TASK DESCRIPTION. Would you print the lines below exactly, beginning at the line that has "Immagine 37 di" and stopping after the line that has "വേലന്താവളത്ത് വന്‍ കഞ്ചാവ്"? Only those lines, and no pictures.

DATA.

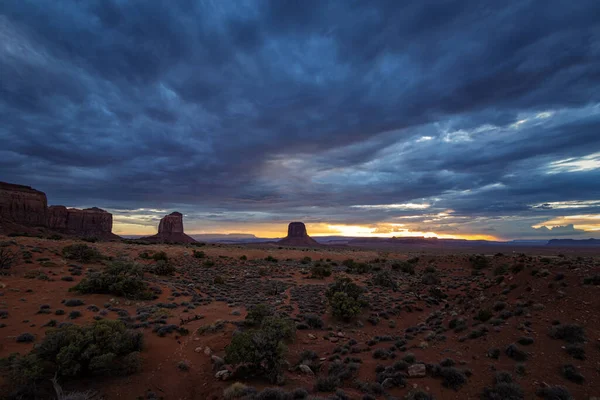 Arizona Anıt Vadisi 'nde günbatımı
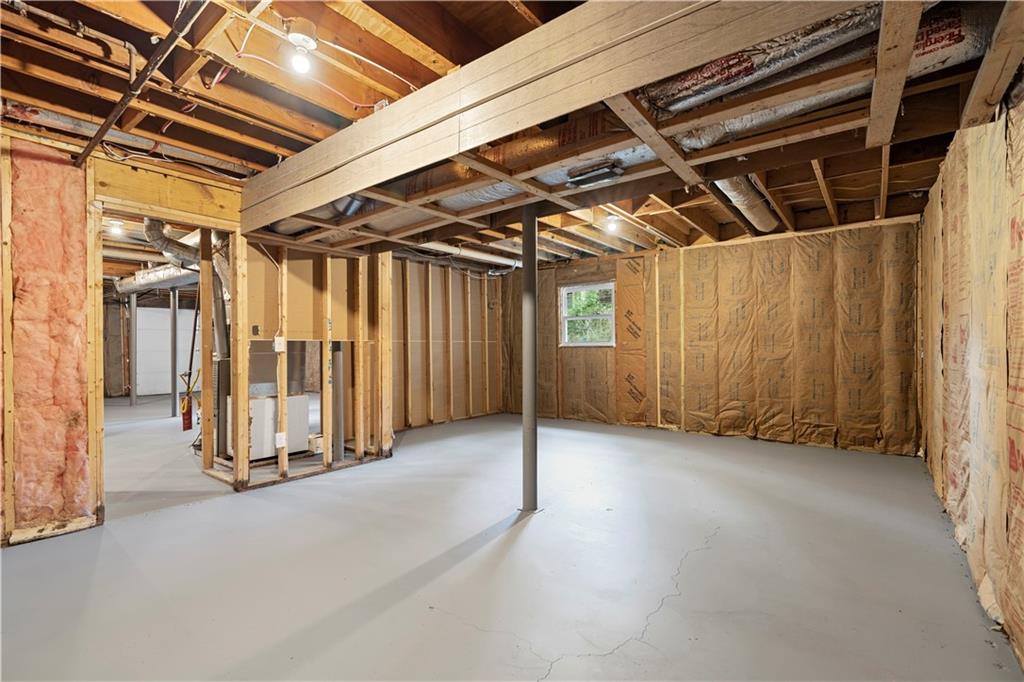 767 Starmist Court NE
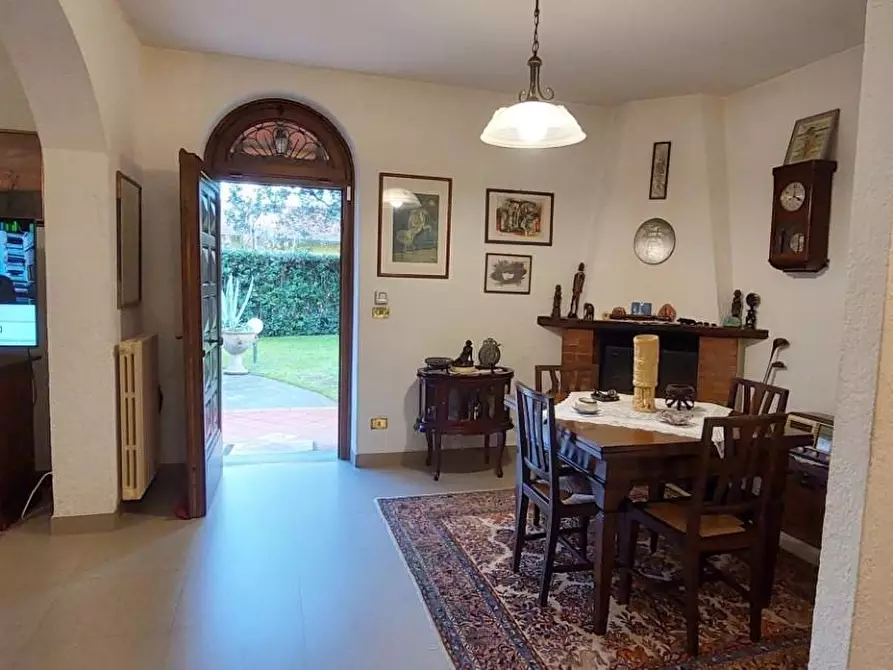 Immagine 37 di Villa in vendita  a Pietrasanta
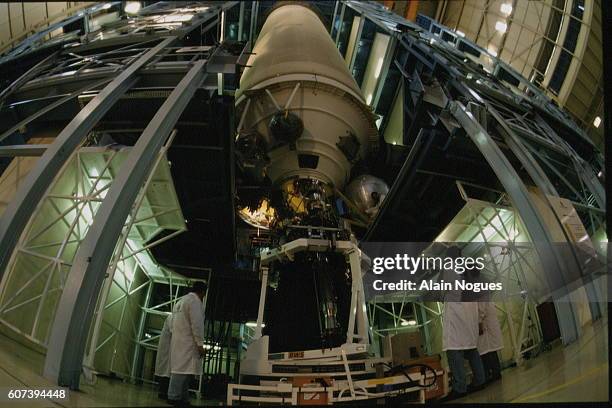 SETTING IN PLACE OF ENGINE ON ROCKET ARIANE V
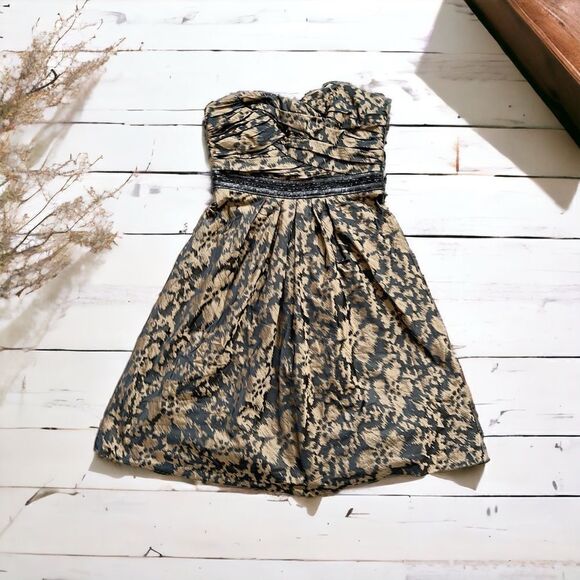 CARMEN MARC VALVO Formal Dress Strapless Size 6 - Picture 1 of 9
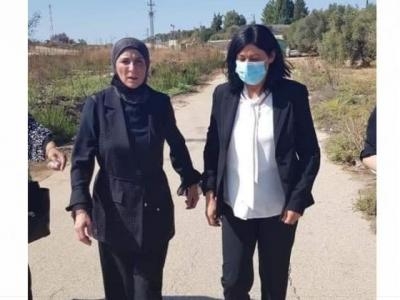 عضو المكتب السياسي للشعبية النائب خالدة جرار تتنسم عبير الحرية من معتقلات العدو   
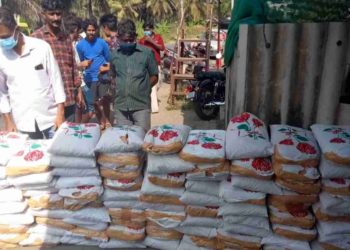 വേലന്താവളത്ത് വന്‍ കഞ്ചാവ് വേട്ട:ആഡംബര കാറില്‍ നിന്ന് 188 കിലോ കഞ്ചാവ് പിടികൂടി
==
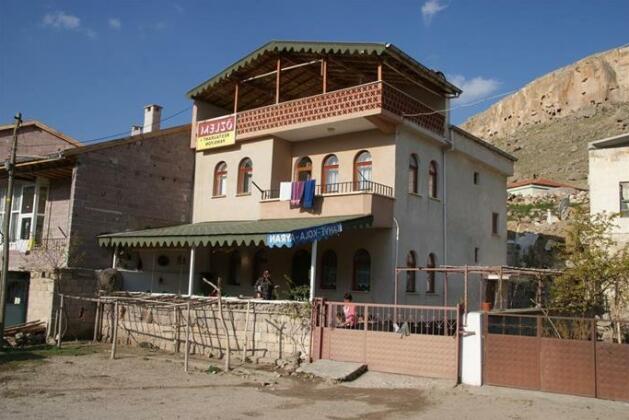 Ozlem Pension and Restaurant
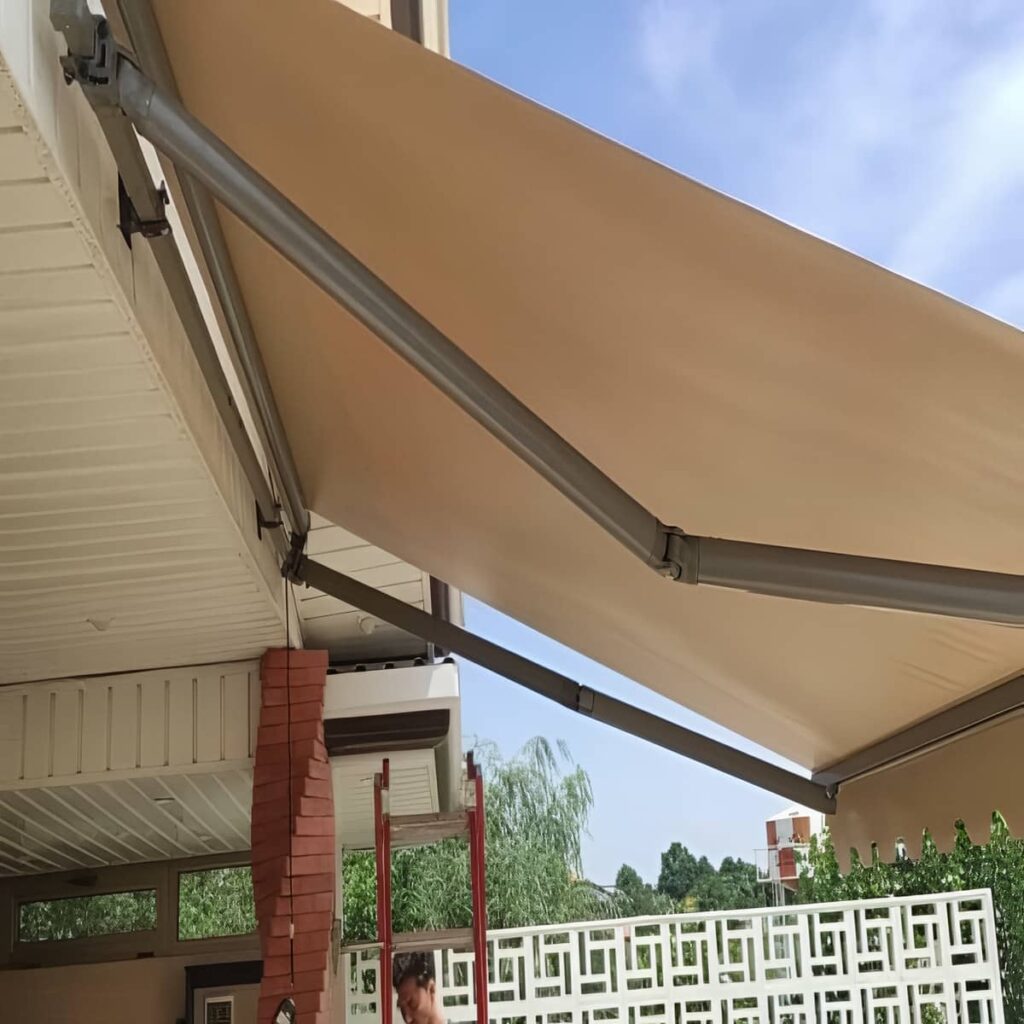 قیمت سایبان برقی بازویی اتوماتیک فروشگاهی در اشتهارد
==
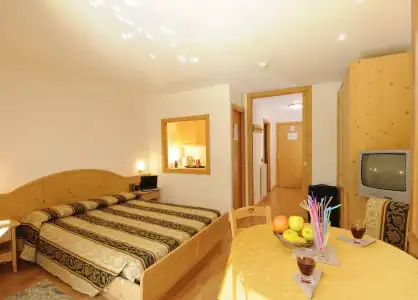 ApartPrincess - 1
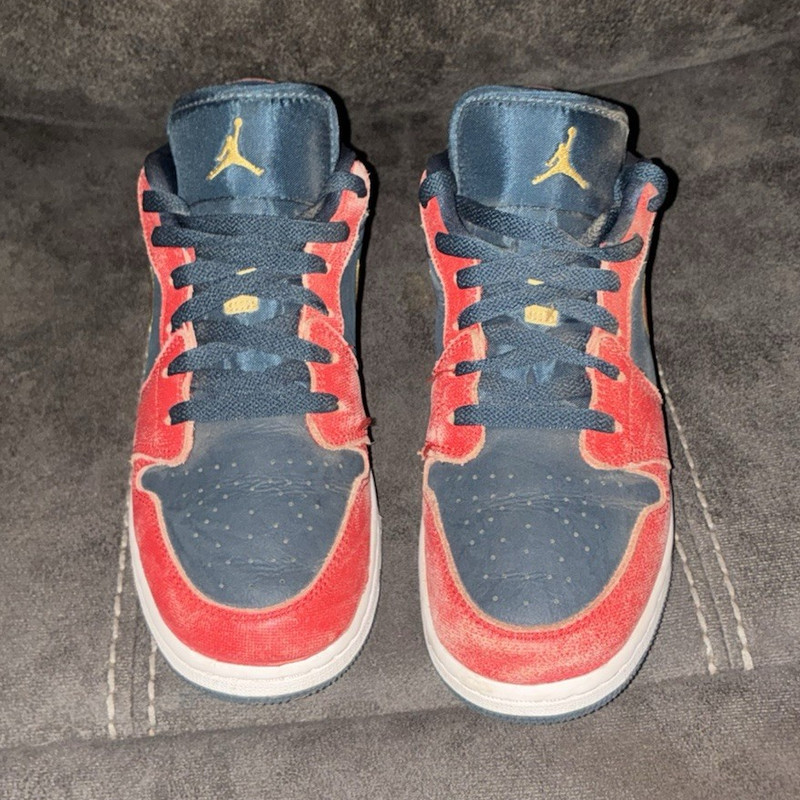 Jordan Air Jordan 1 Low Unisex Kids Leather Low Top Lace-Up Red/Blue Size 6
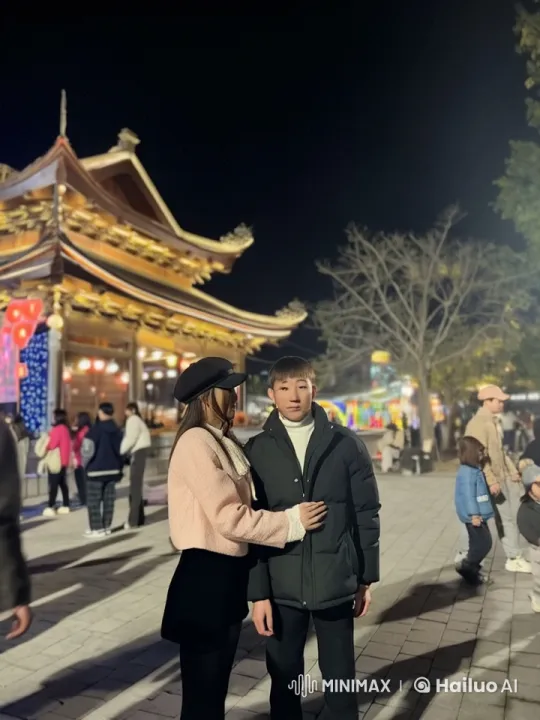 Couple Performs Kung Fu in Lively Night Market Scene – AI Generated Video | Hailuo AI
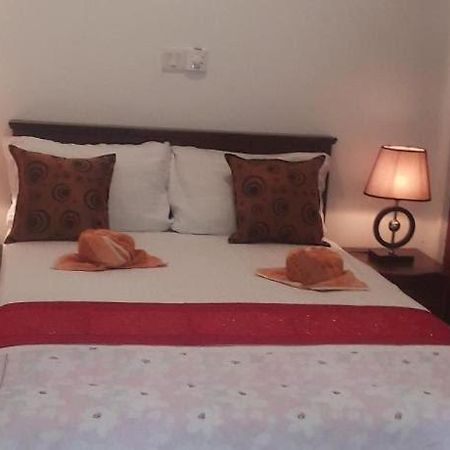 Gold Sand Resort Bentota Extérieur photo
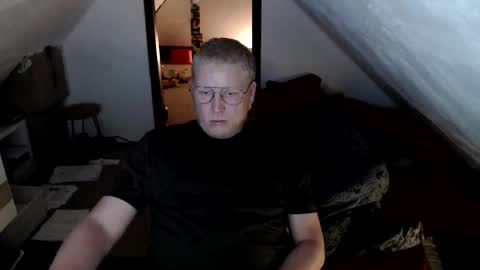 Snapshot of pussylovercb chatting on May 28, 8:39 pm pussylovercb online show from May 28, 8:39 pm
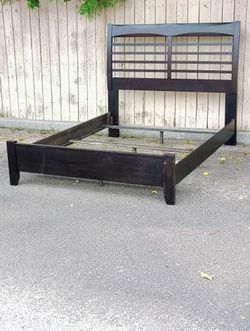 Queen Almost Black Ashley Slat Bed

ANSWER BOX.
 Immagine 37 di Villa in vendita  a Pietrasanta
 SETTING IN PLACE OF ENGINE ON ROCKET ARIANE V
 CARMEN MARC VALVO Formal Dress Strapless Size 6 - Picture 1 of 9
 عضو المكتب السياسي للشعبية النائب خالدة جرار تتنسم عبير الحرية من معتقلات العدو   
 വേലന്താവളത്ത് വന്‍ കഞ്ചാവ് വേട്ട:ആഡംബര കാറില്‍ നിന്ന് 188 കിലോ കഞ്ചാവ് പിടികൂടി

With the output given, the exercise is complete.